To their credit, many owners and representatives of reputable mezcal brands within the DO have been vocally opposed to NOM 199, even though they would ostensibly stand to benefit from restricting competition. "You're dealing with a lot of indigenous cultures that have a history of being oppressed by an elite class," says Francisco Terrazas, who formerly managed the agave-focused bar The Pastry War in Houston, Texas, and now works for Mezcal Vago. "My hope is that this recent controversy will bring attention to the significant barriers to entry that are already excluding more than half of the states that have a cultural history of mezcal production."
The contentious disputes over mezcal highlight the various ways that laws intended to protect consumers and uphold quality standards for food and drink products can have the unintended opposite effect. I recently noted the case of Scotch whisky producers forbidden from revealing the composition of their blends and of a Florida dairy fighting for the right to accurately label its additive-free skim milk. Libertarians are often skeptical of protected geographic names, but these kinds of proposals are even more restrictive, censoring truthful communication from producers to buyers. A better, though more costly alternative to NOM 199, would be to bring additional regions into the DO, which would at least address concerns about inspections and quality.

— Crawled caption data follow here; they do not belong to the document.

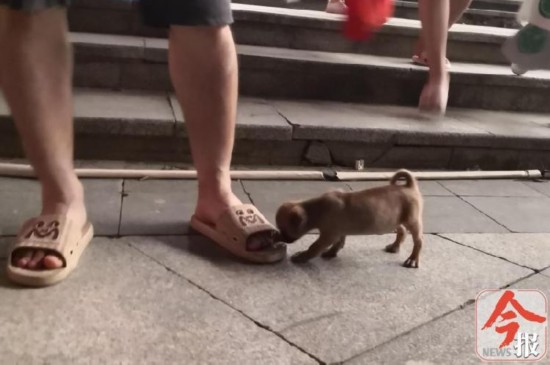 遛狗|广西柳州三天内10多人因遛狗不牵绳受罚,有被罚者称不习惯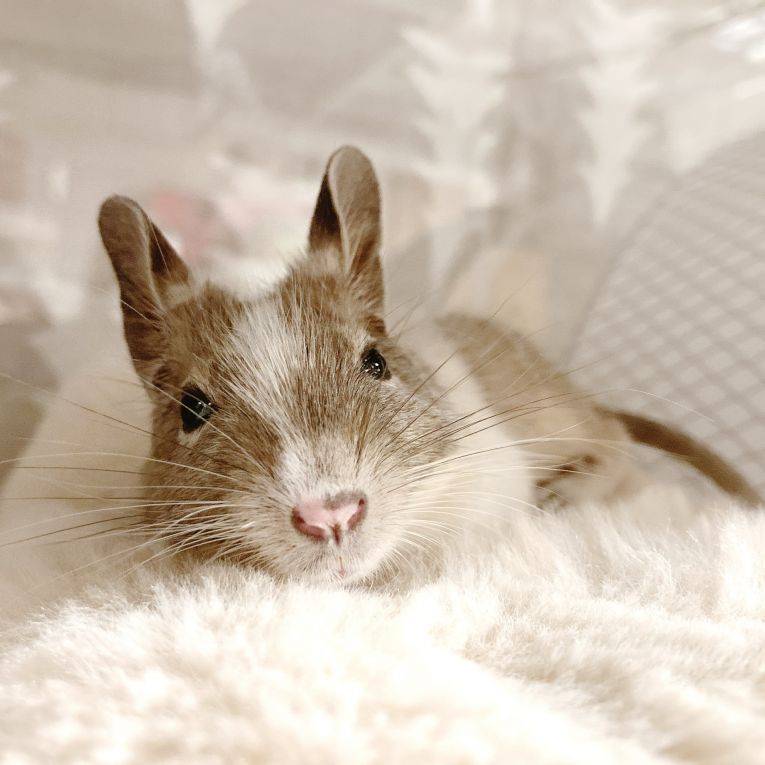 ミニョンちゃん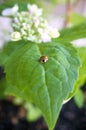 Little lady bug Royalty Free Stock Photo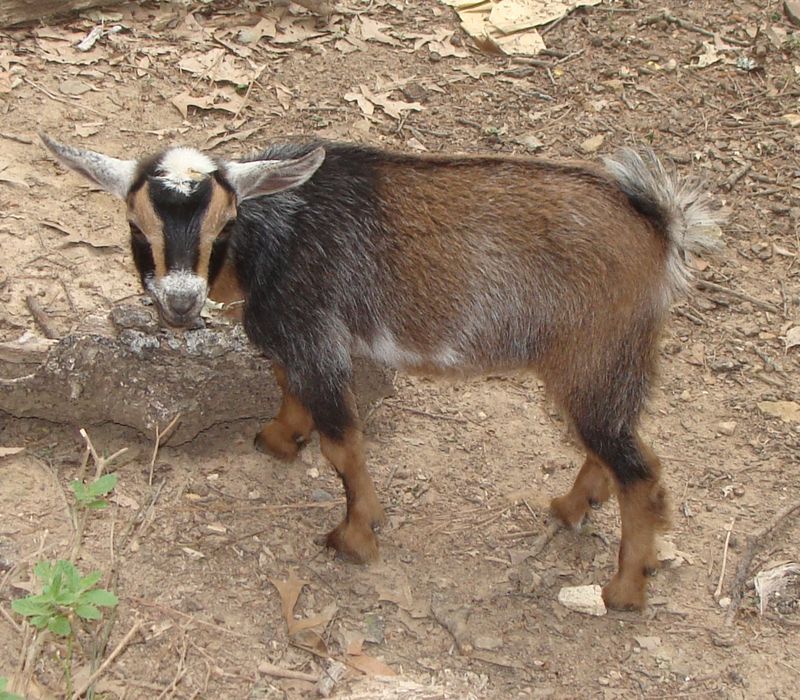 For Sale and Wanted - Goats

Fortunately, there is broad opposition to NOM 199, thanks to advocates within Mexico and among agave lovers around the world. A similar proposal was defeated in 2012, and the Tequila Interchange Project has been promoting a petition to reject NOM 199. "If we care about the future of agave, agave distillates, and the people whose lives are built around its propagation, harvesting and distillation, we can not allow this proposition to become law," concludes the petition. "Without our action they will have no future."